### Milestone 2 Documentation 

Michael Downs, Cameron Hickert, Dianne Lee, Wisoo Song 

In [39]:
import numpy as np
import os
import re
import sys
from pathlib import Path 
sys.path.append(os.path.dirname(Path(os.getcwd())))
sys.path.append(os.path.dirname(Path(os.getcwd()))+'\\ARRRtomatic_diff')
from ARRRtomatic_diff import functions as adfuncs

#### Introduction

Our software package is an automatic differentiation suite that solves the problem of numerically computing the derivative for an arbitrary function as long as that function can be expressed as the composition of elementary functions. Precise computation of the gradient is of fundamental importance in the sciences and applied mathematics. Many optimization algorithms rely on gradient information. Indeed, the backpropagation algorithm, which is used to train neural networks, is simply gradient descent on the network's weights. Derivatives are also used in root finding methods such as Newton's method, which are used to numerically solve ordinary differential equations when using implicit methods, among other things. Reliable solutions to ODEs are integral to many of the applied sciences. Automatic differentiation offers an improvement over finite difference methods in that automatic differentiation is exact to machine precision and does not suffer nearly as much from numerical stability issues. AD is also better than symbolic differentiation in that it is less computationally expensive.

#### Background

A derivative of a function represents the instantaneous rate of change of that function at a particular point. A vector containing each partial derivative of a multivariate function is known as a gradient and gives the direction of greatest increase at a particular point. A Jacobian of a vector-valued function is a matrix where each row contains the gradient of the corresponding function.

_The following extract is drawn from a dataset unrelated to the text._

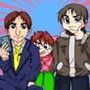 内山君の憂鬱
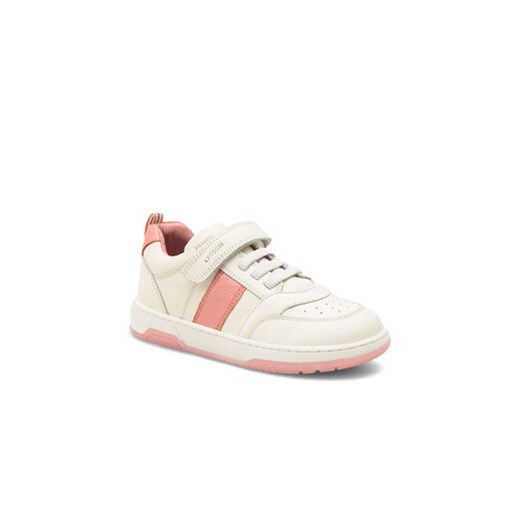 Sneakersy Lasocki Kids Mos CI12-3136-02(III)DZ Biały Lasocki Kids 29 eobuwie.pl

Forward-mode automatic differentiation of a function can be conceptualized as 

1. Dividing that function into a composition of elementary operations through a computational graph. Basic elementary operations include:

    1. Addition
    2. Multiplication
    3. Subtraction
    4. Division
    5. Exponentiation
    6. Logarithms
    7. Trigonometric functions
    
2. Iteratively applying the chain rule, a result from calculus for computing the derivative of a composite function, at each step of the computational graph from beginning to end in order to propagate the exact numeric values of the partial derivatives all the way until the final step of the computational graph, which represents the output of the function. The partial derivatives at the final step are with respect to the function's variables and so represent the numeric value of the gradient for a chosen value of the function's variables.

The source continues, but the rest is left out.